It’s an exciting time to be a criminal in the financial markets. I wish all you budding young talented, honest income redistributors (criminals) the best of luck.
A scam made in the heavens
Ok, let’s say you don’t want to do all the hard work of finding alcohol-addicted journalists, getting them drunk and manipulating them into publishing a story that Google is acquiring Suzlon. Are you wondering if there’s an easier income redistribution scheme (scam) to run? Are you kidding me? How can you even think of insulting me with a question like that? This is a professional newsletter for professional scammers. But, of course, there is a way! All you have to do is look toward the stars.

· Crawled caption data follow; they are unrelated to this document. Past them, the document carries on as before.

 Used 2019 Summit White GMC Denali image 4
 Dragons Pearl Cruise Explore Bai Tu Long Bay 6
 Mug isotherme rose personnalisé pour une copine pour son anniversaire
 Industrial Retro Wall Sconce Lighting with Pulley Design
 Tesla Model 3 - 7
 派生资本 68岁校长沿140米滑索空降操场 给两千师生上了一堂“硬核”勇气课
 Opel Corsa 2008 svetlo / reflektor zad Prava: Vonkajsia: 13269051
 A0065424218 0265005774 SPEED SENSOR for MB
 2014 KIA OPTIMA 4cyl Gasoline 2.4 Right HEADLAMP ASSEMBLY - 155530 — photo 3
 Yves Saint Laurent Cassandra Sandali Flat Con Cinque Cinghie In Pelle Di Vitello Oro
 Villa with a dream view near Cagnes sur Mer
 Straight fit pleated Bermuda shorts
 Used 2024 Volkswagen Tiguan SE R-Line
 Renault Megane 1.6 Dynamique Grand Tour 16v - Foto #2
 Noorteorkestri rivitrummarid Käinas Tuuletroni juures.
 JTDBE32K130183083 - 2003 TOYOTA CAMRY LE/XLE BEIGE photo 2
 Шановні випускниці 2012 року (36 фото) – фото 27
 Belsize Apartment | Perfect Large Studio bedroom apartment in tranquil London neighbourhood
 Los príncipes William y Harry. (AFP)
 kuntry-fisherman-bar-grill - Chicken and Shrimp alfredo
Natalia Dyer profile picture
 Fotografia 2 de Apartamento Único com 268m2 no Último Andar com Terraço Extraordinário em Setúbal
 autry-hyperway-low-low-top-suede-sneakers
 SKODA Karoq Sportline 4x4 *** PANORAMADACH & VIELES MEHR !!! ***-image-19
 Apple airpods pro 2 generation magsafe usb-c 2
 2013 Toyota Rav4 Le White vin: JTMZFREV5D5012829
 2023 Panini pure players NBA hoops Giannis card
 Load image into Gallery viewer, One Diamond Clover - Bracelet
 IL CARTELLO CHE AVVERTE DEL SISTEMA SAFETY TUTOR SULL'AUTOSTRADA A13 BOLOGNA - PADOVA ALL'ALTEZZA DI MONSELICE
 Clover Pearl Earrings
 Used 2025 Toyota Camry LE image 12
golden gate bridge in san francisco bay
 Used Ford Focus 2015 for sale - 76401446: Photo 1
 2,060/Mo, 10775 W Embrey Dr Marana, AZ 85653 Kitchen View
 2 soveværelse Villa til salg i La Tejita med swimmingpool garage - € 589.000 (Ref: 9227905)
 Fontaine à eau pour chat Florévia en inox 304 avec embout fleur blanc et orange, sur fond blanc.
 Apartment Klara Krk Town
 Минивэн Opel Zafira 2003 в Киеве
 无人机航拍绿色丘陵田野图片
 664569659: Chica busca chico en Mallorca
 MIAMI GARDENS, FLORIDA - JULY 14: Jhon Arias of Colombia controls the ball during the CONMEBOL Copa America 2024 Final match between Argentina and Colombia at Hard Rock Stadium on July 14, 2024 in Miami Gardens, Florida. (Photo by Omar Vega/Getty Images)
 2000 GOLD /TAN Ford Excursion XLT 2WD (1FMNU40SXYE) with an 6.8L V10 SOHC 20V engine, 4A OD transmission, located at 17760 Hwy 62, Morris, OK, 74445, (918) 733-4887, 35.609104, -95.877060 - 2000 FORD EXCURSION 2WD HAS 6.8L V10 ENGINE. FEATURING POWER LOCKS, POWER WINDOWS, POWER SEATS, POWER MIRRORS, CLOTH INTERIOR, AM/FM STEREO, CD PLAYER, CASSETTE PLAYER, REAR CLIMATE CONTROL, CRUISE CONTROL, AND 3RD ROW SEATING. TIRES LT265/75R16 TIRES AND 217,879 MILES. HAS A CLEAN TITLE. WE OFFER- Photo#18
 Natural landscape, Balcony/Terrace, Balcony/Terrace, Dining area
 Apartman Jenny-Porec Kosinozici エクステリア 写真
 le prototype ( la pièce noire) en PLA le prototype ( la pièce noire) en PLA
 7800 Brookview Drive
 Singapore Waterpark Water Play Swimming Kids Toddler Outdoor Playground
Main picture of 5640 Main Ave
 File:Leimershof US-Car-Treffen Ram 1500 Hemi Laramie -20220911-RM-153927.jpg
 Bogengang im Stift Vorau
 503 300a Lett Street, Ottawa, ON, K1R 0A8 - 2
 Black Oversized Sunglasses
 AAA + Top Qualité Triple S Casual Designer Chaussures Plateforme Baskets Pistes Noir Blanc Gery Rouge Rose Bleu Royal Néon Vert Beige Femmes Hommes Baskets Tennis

Ever since I was 7 years old, people have been telling me that I was extremely wise. It turns out it was true, and I’m really wise. In all my wiseness, here’s what I’ve figured. Most investors and traders are gullible idiots and suckers. Most of them don’t have what it takes to make money in the markets. But greed is a cruel seductress, and it keeps seducing these suckers. So people keep trying to get rich quick in the markets and fail miserably.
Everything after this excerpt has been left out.